Building the Body of Christ through Renewed Worship (Part 1)

By Cynthia Wilson

Stock sunrise over church steeple

Part one of a five-part series for worship leaders.

Purpose

Passionate, engaging worship of God is the centrally defining characteristic of the Christian life. As The United Methodist Church celebrates the 40th anniversary of its General Commission on the Status and Role of Women (GCSRW) in 2012, it is our prayer that annual conferences and local congregations will take this opportunity to renew their support for the full participation and inclusion of women at all levels of leadership in the church. This resource is designed to equip worship leaders to lead celebrations and renewal events on behalf of all of God’s people and serve as a guide for those who hold responsibility for planning worship in particular faith communities.

This narrative has been created to strengthen and deepen the liturgical planning experiences for pastors, musicians and worship chairs, all of whom strive to enable “full, active and conscious participation” of all present.[1] As an accompaniment to the Worship Planners Resource and Sample Bulletin, the intent is to offer basic ideas around the development of liturgical worship events that communicate, affirm, welcome, reconcile, unify, empower, equip, transform and challenge twenty-first century worshipers to become courageous, prophetic leaders in the world. We desire nothing less than equipping every one of Jesus’ modern-day disciples to share in the fullness of God’s work in the world, in all of Her glory.

Introduction

As an ordained deacon responsible for the conceptualization, design, development, delegation and implementation of every component of worship in various faith settings throughout the world, I have discovered that in any given context, God’s people assemble in the spirit of unity to praise God and to offer God their best worship as one body with many valuable parts. Indeed, when Christian liturgy (Greek: leitourgia) is the work of all the people (Greek: laos), it potentially stands as spirit and truth worship. However, just as often, I have painfully observed words, actions, lyrics, gestures, symbols, images, choreography, etc. in some settings that impede, marginalize and exclude certain people. As a result, worship becomes the work of a select few rather than the work of all the people. Therefore, without exception, twenty-first century faith communities must correct imbalances in worship that create barriers to full participation in Christ’s cosmological, ecclesiological and eschatological mission.

In other words, if careful consideration is not given to the ethic of inclusion in the processes of designing, planning and executing regular worship services, then the character, the very essence of God and all of creation are called into question. More specifically, if language, metaphors, images and descriptions used to talk about God are consistently dominated by patriarchal vocabulary, how can the gospel story be transformational and empowering for the mothers, daughters, grandmothers, aunts and sisters present in worship? Further, if the preached word, the prayed word, the sung word or the read word, excludes the voices, stories and issues of persons who have been relegated to the edges of society, then is it possible for God’s spirit to be felt as liberating? Can God’s word be realized as redemptive for them? If the dignity of diversity cannot be genuinely celebrated in a faith community, then can the real presence of Christ be made manifest in worship? The answer to each of these questions is a resounding “No!”

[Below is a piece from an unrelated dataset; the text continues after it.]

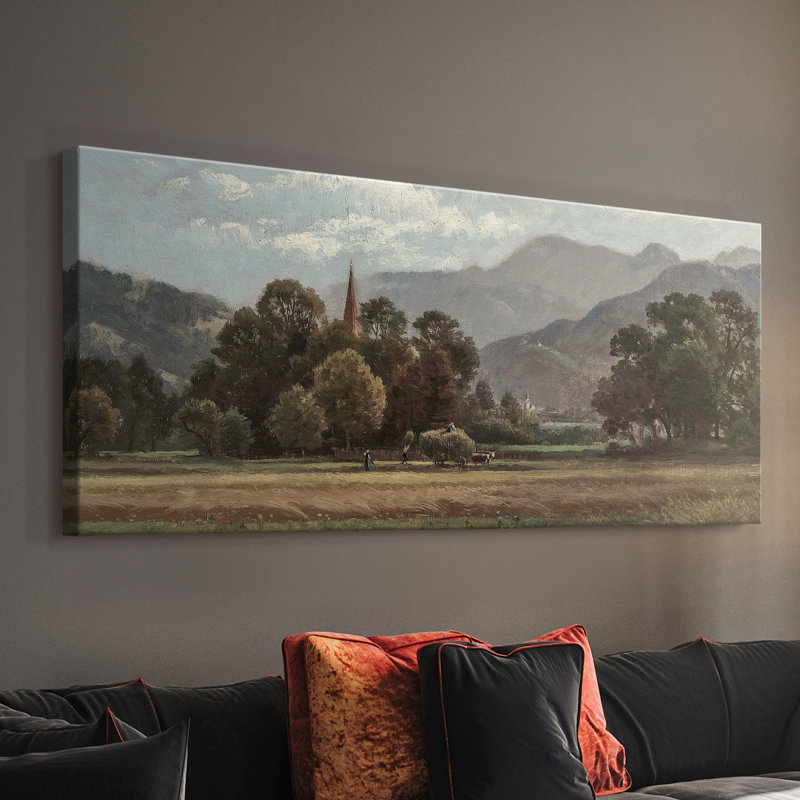 Série paysage - MIXIX - Toile tendue avec châssis - Prêt à accrocher, H 12 po x l 30 po
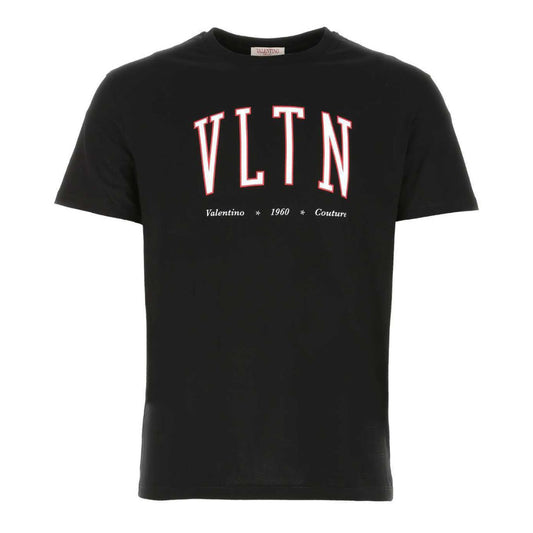 Valentino VLTN Print College Logo Black T-Shirt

The church’s resounding “Yes!” to gender and culturally inclusive leadership and overall conspicuous participation will enable all persons to experience God in all of God’s complex, awe-inspiring, glory. Men’s as well as women’s experiences and understandings of God will be enriched through expansive imagery and diverse leadership.

Here are four key principles for planning vital worship for the twenty-first century:

  1. The presence and gifts of every participant must be respected and understood as significant.
  2. Vital worship invites God’s presence, expresses the ethos of who God is to the community, promotes an atmosphere of grace, nurtures authentic relationships within the worshipping community, and transforms the lives of the worshipers.
  3. Such an atmosphere encourages and inspires the enthusiastic participation of all persons present.
  4. Ultimately, much like on the day of Pentecost, irrespective of diverse languages, cultures, attire or musical styles, difference can lead to authentic spirit and truth worship.

“If we want to renew worship and watch people grow in Christ, then we should look at how we enable people to participate and to share their gifts for the building up of the church.” – Ruth Duck[2]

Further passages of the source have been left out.